Exercise goal> Transcribe word for word the lines below from the line with "Бартрез!!! Учись!!!... Котоматрица: Бартрез!!!" through the line with "Thompson and Morgan", ends included.

Data records>
++++++++++++++++++++
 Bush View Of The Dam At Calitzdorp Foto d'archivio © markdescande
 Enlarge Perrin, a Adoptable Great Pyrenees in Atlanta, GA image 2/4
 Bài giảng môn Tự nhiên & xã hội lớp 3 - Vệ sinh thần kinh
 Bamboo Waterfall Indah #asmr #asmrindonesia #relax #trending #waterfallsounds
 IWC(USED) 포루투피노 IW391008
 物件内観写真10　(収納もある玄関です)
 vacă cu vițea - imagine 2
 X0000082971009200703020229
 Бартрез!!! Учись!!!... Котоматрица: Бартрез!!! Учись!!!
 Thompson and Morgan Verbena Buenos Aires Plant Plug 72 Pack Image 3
++++++++++++++++++++
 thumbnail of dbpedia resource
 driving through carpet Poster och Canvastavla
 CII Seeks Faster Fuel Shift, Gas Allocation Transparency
++++++++++++++++++++
Answer to this task>
 Бартрез!!! Учись!!!... Котоматрица: Бартрез!!! Учись!!!
 Thompson and Morgan Verbena Buenos Aires Plant Plug 72 Pack Image 3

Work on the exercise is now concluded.